-- Data for this task follows --

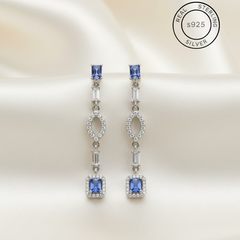 Pair of silver earrings with Silver Sapphire Blue Dangles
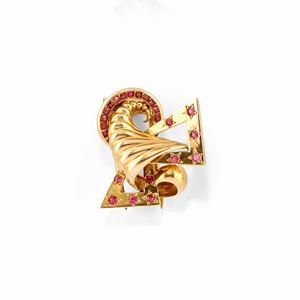 A 18k yellow gold and ruby brooch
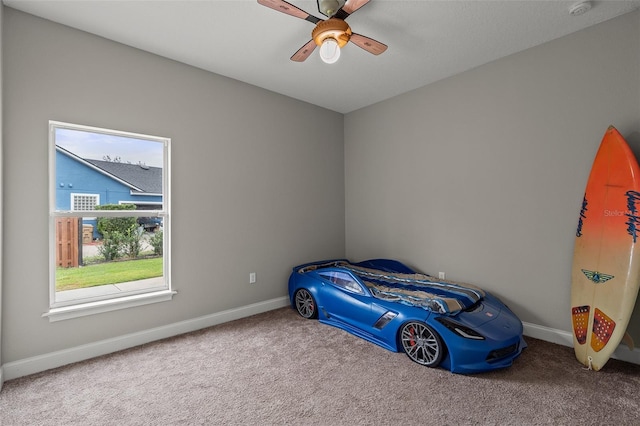 carpeted bedroom with ceiling fan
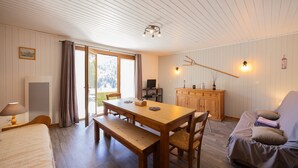 A room with a wooden table, bench, and a sofa. There is a television on a stand, a cabinet, and a window with curtains.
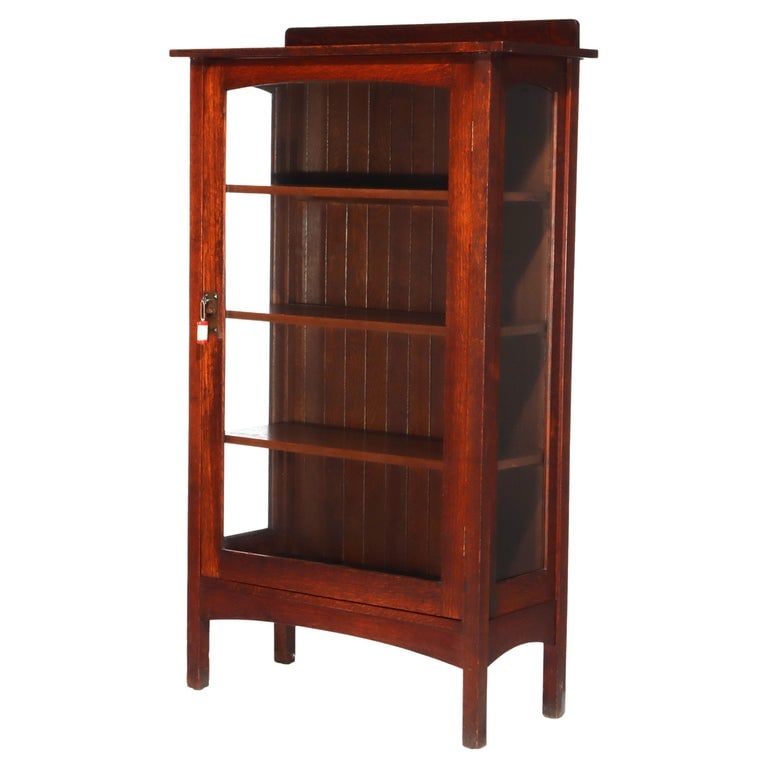 Stickley Onondaga Shops School Arts & Craft Oak Single-Door China Cabinet: Antique Stickley Onondaga Shops School Arts & Craft Oak Single-Door China Cabinet c1910. (63" x 36 1/2" x 15 1/2"). A finely crafted antique oak china cabinet attributed to the Stickley Onondaga Shops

-- Data for this task concluded --

### Exercise objective
Write out the listing above exactly as it stands, pictures excluded.

### Solution below
 Pair of silver earrings with Silver Sapphire Blue Dangles
 A 18k yellow gold and ruby brooch
 carpeted bedroom with ceiling fan
 A room with a wooden table, bench, and a sofa. There is a television on a stand, a cabinet, and a window with curtains.
 Stickley Onondaga Shops School Arts & Craft Oak Single-Door China Cabinet: Antique Stickley Onondaga Shops School Arts & Craft Oak Single-Door China Cabinet c1910. (63" x 36 1/2" x 15 1/2"). A finely crafted antique oak china cabinet attributed to the Stickley Onondaga Shops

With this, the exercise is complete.